Перцевая Людмила


Послесловие к Брюсову

 
1 апр 2020Послесловие к Брюсову
Почесав затылок, не зная, что сказать, чтобы меня не обидеть, он осторожно пошутил: «Боюсь, что эти твои размышления по поводу Брюсова на школьное сочинение не сгодятся, слишком всё зыбко! Плохо тебя, видать, учили, всё ведь надо выстроить по плану, по логике: вступление, исходные данные, вкратце содержание, заключение… Вон как ты писала про Ивана Флягина!»
Я обрадовалась этому ходу мыслей и подхватила: «Ну, так про Флягина я и писала школьное сочинение! Так и видела лицо учительницы, которая с ручкой сидит над моей тетрадкой. То есть над тетрадкой внука, для него ведь было писано. Правда, с некоторым избытком интеллектуального заряда, но я его предупредила: обязательно сократи всё, что тебе не очень понятно, пусть будет короче, но ближе к школьным требованиям. Я и про Базарова примерно так писала, чтобы Таська выкинула все насмешливые отступления, в школьном сочинении все должно быть строго по регламенту!»

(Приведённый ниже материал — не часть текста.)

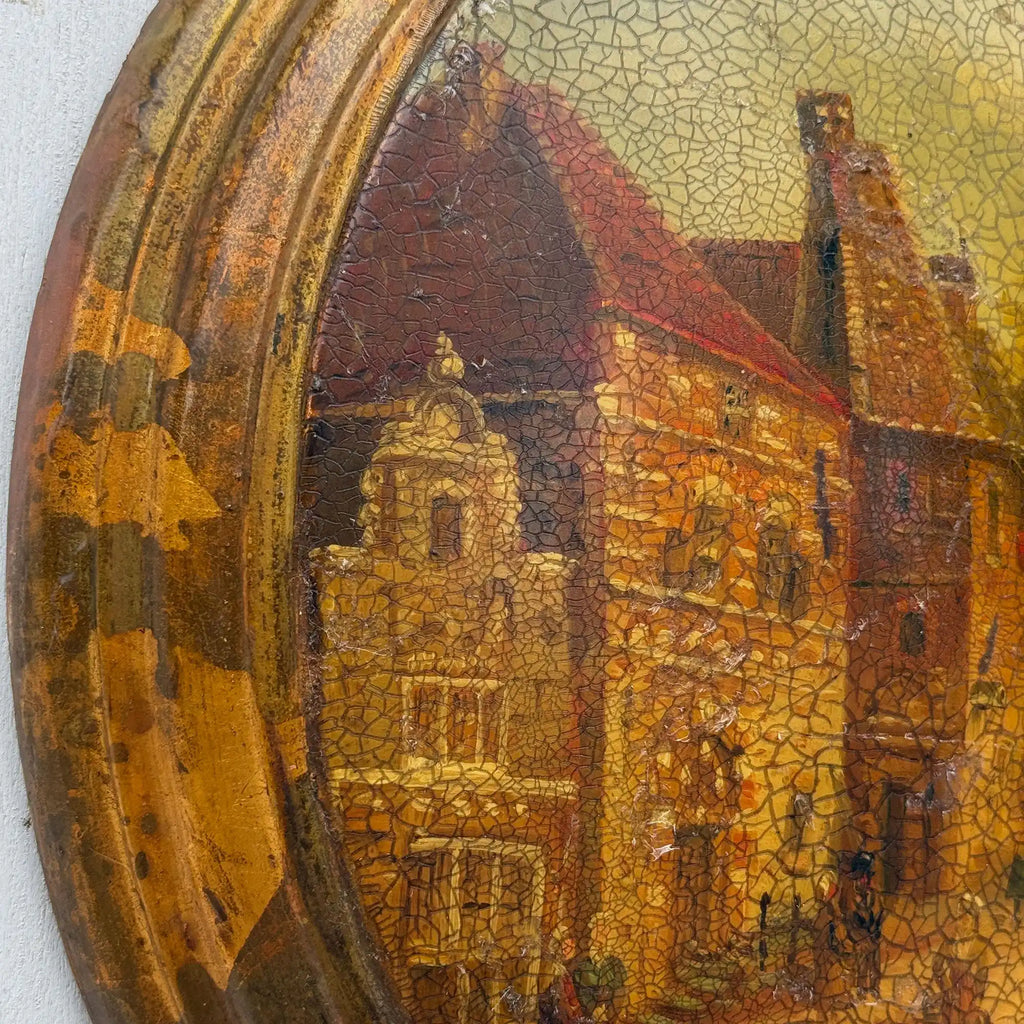 The Old Town Lane | Vintage European Street Scene Oil Painting | Oval, Craquelure | 10.6×12.6in - Vintage Oil Painting - Arden Gallery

Мы с ним посмеялись над тем, что я всё дальше ухожу от правильных толкований и пониманий, что когда излагаешь вслух терзающие тебя недоумения, сомнения, не оформившиеся окончательно впечатления, не ищи понимания у читателя. И он опять очень деликатно и осторожно заметил: «Как я теперь должен относиться к Брюсову, если ты ни к стихам, ни к прозе своего однозначного мнения высказать не можешь?»
«Однозначного!» - возопила я, - Так его у меня и нет! Я в поиске, я хочу, чтобы читатель допускал эту сумятицу в моей голове в момент познания, не требовал от меня всегда и по любому поводу жесткой заданности! Это ты, следователь, собрав доказательную базу, должен убедить суд, что в деле двух мнений быть не должно. Хотя… если это суд присяжных, которые часто руководствуются и эмоциональными, импульсивными движениями, кто-то из них твоим доказательствам не поверит, поверит своему взгляду на несчастного преступника».

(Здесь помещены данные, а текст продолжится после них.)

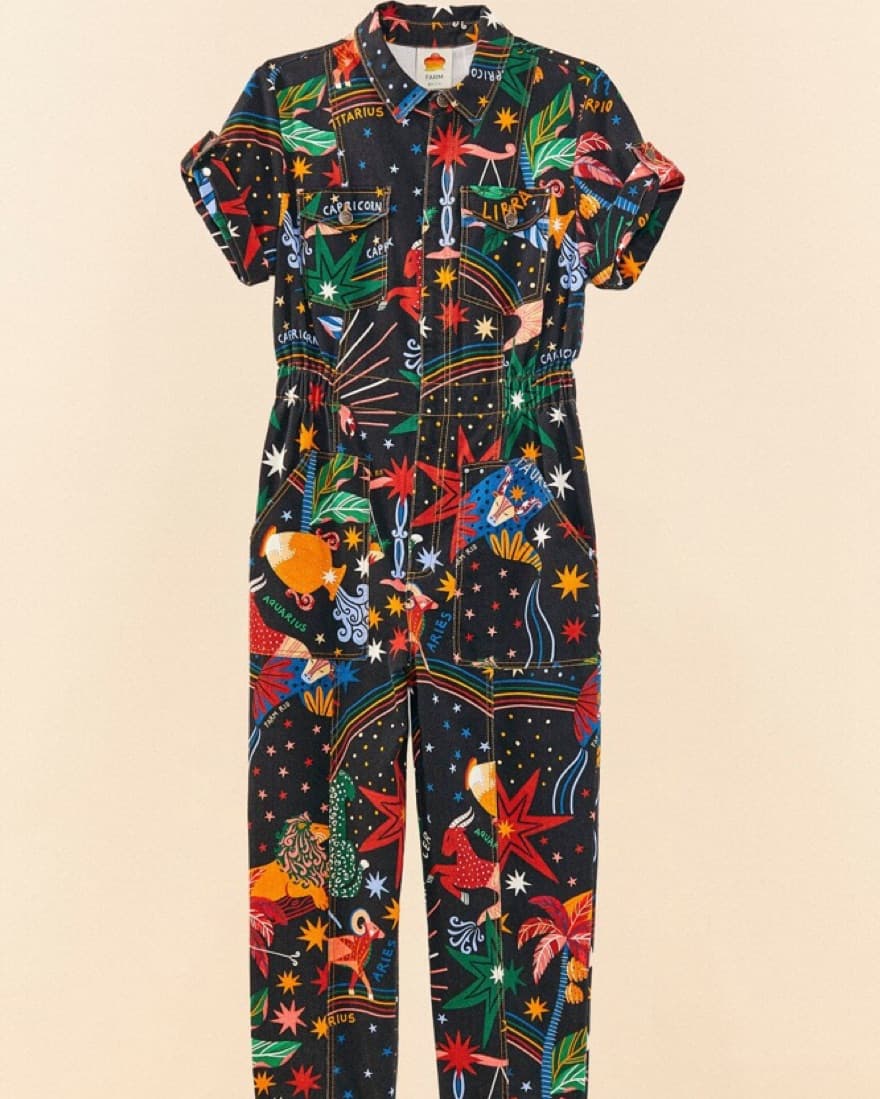 Farm Rio Zodiac Canvas Jumpsuit - Image 2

«Ну-ну, ты доказательную базу не трогай! – сразу посуровел сын. – Это у вас в поэмбуках можно трактовать настроения и переживания, как заблагорассудится, а у нас все должно быть четко, основано на фактах». – И… подмигнул мне.
Ах ты, мой милый, да и у нас, в поэмбуках, принято писать сочинения так, чтобы всем все было понятно: ссылка на анонс, вырезка из википедии, биографическая справка, личное впечатление, мнение критиков и рекомендация к прочтению. А как же, зачем писать эссе, если ты разочарован произведением? Ты просто обязан пребывать в восхищении! И уж никак не в задумчивости, в раздвоенности и расстроенности чувств, определись, тогда уж и берись за перо. Иначе последует выволочка от суровых коллег.
Спрашивается, а вправду, зачем и писать, если ты еще в процессе? Так ведь мне кажется, что в эссе (в отличие от школьного сочинения) важно отражение процесса постижения, сам ход мысли, часто противоречивой. И в этом эссе чем-то сродни стихотворению, которое не останавливается перед таким препятствием, как смятение чувств.
Далеко я уплелась от Брюсова. Хотя почему – далеко, вот он, сборник стихов с закладкой на стихе «Мучительный дар», с предпосланным к нему эпиграфом из Евгения Баратынского:
«И ношусь, крылатый вздох,
Меж землей и небесами».
 
Мучительный дар даровали мне боги,
Поставив меня на таинственной грани.
И вот я блуждаю в безумной тревоге,
И вот я томлюсь от больных ожиданий.
Нездешнего мира мне слышатся звуки,
Шаги эвменид и пророчества ламий...
Но тщетно с мольбой простираю я руки,
Невидимо стены стоят между нами.
Земля мне чужда, небеса недоступны,
Мечты навсегда, навсегда невозможны.
Мои упованья пред небом преступны,
Мои вдохновенья пред небом ничтожны!
Ах, как мы с ним неожиданно совпадаем, не конкретно, не по делу, не осознанно, на грани предощущения.